AudioGreat breaks achieve a positive strategic goal back to the show. They communicate, both in content and presentation, something about the show plot. Breaks which score are real, relevant, and fun. They earn you valuable images. Here are some breaks by Reynolds Group shows which achieve this.
One of the things listeners love is when Kevin Karlson puts his mother-in-law, Patsy, on the show. He has a very unique relationship with her. In a terrific example of character development, Karlson & McKenzie on WZLX, Boston, decided to do the “Inappropriate Question of the Day.” Kevin followed Patsy around at home while visiting her with a recorder and kept asking highly inappropriate questions just to see how she’d respond.
Here’s a new feature we’ve recently added to Mojo in the Morning on Channel 95.5, Detroit. It’s called “Five Lies to Tell Your Mom”. We concoct a story with five lies in it, then have the listener call their mother to offer up the story as true. It’s rife with conflict, especially when the mom reacts to some of the crazier elements of the story we make up. This bit is like an updated version of the typical prank call. It’s lots of work (reach out and I will tell you how it’s done), but well worth it.
With last week’s President’s Day holiday, Eddie and JoBo, KHITS, Chicago, decided to see how many presidents an average kid could name. You always need a conflicting category to make something like this funny to express your point. That’s where beer comes in! See how many presidents this kid can name, and then how many beer brands come to mind!

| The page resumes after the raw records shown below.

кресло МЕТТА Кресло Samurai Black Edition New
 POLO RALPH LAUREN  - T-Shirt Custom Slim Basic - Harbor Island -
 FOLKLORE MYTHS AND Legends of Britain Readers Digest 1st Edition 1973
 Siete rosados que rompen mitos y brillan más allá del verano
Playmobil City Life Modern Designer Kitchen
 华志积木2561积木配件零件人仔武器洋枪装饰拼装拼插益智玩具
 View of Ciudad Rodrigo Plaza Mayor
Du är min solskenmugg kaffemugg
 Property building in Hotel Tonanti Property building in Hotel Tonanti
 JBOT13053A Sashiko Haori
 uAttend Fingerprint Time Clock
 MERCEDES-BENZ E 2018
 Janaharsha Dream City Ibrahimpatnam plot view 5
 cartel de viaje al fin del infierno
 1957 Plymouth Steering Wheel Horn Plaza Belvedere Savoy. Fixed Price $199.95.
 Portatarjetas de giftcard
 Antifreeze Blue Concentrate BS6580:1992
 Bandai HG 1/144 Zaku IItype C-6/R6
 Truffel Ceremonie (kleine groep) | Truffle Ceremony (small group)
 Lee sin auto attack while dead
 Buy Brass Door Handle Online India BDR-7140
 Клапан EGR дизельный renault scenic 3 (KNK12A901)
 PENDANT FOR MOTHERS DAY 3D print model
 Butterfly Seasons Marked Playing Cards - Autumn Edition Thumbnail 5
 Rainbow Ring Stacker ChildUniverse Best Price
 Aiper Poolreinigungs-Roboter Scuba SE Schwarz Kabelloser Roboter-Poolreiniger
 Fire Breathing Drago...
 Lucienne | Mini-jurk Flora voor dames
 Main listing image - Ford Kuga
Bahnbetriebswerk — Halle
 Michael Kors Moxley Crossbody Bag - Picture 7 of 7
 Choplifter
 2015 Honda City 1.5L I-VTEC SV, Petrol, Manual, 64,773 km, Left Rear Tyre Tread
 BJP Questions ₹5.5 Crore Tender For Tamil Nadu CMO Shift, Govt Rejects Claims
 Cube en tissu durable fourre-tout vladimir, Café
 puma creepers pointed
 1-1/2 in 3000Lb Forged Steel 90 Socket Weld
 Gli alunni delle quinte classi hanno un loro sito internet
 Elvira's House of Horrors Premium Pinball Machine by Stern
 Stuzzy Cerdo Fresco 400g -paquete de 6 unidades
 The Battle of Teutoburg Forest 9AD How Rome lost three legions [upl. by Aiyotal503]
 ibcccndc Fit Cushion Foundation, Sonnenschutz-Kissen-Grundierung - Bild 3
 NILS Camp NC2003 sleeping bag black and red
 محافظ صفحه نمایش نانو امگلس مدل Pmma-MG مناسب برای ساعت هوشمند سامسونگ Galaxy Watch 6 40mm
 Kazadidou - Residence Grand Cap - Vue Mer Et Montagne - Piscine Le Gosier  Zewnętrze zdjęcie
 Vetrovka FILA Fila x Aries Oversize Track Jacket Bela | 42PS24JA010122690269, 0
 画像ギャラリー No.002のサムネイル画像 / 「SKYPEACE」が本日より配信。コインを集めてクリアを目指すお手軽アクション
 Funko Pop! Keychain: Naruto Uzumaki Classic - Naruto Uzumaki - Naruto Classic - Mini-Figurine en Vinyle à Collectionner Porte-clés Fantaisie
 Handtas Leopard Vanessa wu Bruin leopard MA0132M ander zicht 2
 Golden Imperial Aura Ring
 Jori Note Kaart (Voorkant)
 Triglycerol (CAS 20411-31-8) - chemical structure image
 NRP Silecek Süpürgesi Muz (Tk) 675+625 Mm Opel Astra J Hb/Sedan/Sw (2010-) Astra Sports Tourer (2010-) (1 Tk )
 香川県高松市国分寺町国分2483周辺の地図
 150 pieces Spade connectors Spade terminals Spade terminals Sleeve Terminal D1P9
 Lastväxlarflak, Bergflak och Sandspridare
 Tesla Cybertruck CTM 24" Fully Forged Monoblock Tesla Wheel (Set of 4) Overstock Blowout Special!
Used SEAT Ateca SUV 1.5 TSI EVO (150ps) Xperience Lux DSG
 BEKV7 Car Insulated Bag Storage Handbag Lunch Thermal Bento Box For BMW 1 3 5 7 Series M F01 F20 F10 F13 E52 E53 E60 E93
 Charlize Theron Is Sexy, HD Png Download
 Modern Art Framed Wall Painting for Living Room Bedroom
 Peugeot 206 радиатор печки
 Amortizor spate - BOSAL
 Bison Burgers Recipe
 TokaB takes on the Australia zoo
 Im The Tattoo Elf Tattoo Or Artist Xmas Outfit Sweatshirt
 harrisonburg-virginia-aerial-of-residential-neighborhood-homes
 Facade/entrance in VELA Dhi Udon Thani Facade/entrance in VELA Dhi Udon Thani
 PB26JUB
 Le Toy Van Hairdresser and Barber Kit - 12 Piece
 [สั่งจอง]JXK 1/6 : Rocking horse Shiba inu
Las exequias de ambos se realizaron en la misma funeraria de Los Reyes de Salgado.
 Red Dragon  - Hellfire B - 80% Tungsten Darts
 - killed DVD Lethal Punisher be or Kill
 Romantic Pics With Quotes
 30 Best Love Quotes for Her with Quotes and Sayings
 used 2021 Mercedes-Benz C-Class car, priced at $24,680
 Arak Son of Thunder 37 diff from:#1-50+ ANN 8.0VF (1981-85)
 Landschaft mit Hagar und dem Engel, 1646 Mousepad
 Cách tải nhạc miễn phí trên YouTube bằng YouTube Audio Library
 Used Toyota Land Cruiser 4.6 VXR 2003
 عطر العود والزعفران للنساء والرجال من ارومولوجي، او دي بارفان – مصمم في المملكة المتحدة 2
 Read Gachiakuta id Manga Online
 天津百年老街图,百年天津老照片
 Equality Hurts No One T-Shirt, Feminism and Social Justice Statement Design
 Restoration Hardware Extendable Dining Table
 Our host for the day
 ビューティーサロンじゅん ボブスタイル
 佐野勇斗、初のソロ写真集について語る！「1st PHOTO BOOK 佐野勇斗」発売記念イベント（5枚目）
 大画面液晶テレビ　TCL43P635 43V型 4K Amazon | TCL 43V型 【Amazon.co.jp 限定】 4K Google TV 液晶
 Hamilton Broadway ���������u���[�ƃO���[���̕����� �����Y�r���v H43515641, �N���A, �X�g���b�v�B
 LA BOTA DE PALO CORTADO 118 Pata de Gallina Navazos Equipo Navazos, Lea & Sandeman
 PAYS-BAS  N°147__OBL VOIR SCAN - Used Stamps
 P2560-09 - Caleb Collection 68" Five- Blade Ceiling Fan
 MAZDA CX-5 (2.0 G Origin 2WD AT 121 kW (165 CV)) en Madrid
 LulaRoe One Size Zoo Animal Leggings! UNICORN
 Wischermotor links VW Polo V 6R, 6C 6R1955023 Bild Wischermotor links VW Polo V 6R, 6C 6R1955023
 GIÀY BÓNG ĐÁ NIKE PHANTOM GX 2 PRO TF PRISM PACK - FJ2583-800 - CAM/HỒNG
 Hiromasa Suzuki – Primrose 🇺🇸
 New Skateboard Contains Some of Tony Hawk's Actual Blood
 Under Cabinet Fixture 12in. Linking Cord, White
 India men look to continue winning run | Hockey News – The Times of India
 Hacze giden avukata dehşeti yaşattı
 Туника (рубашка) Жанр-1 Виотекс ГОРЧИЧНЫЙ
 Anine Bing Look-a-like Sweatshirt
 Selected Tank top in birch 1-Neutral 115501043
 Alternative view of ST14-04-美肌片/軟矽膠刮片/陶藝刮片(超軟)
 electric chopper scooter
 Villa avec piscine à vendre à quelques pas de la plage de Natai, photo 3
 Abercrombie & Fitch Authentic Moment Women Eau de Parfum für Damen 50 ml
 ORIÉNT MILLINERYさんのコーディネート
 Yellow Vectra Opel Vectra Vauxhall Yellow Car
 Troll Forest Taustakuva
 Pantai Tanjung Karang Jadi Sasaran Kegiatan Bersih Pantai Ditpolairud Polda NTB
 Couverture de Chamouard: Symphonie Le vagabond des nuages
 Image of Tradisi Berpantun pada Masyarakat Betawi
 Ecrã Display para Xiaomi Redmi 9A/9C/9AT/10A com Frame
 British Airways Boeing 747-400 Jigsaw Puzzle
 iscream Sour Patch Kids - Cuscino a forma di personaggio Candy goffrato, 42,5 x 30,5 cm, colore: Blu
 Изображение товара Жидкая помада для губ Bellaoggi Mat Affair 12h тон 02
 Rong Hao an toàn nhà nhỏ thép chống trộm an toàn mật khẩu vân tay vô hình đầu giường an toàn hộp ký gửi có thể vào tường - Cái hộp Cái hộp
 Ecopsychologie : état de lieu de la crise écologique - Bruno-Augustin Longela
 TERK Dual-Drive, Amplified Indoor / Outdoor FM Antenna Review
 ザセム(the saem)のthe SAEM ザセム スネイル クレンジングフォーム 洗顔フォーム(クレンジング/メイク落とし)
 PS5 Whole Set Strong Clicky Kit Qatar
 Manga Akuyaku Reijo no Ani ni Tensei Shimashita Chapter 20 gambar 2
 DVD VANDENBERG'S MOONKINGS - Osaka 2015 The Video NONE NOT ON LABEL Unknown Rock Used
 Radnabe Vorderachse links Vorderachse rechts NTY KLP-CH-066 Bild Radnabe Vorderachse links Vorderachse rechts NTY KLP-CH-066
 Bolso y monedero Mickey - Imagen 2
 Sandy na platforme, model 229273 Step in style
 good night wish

One very efficient way to do character development is to put a relative on your show. Recently, Jobo, from Eddie & Jobo, KHITS, Chicago, gave his mom a car for Christmas. He was beside himself when one of his brothers drove the car (against orders!) and smoked in it. Jobo wasn’t too pleased. Being too emotional about it, Jobo asked his partner, Eddie (who knows his mom very well), to call her to get things right. What you have here is a break, grounded in real life, that’s quite fun to listen in on.
Nothing humanizes a radio talent more than when you put a fun relative on the show. It’s terrific character development as the talent shifts from being an entertainer to someone’s kid, spouse, or parent. In these segments from WBMX, Boston’s Karson and Kennedy, Karson’s 93-year old grandmother calls the show to see if Karson knows that that town’s famed Fenway Park is turning 100 years old. Real life is funny…and these two segments with his grandma are.
The Lieutenant Governor of Massachusetts was recently in a car accident where it was discovered, via the car’s black box, that he was traveling over 100-mph. That lead Karson & Kennedy, at MIX 104.1, Boston, to wonder what the black boxes in their cars might say. This is not only innovative, it’s terrific character development.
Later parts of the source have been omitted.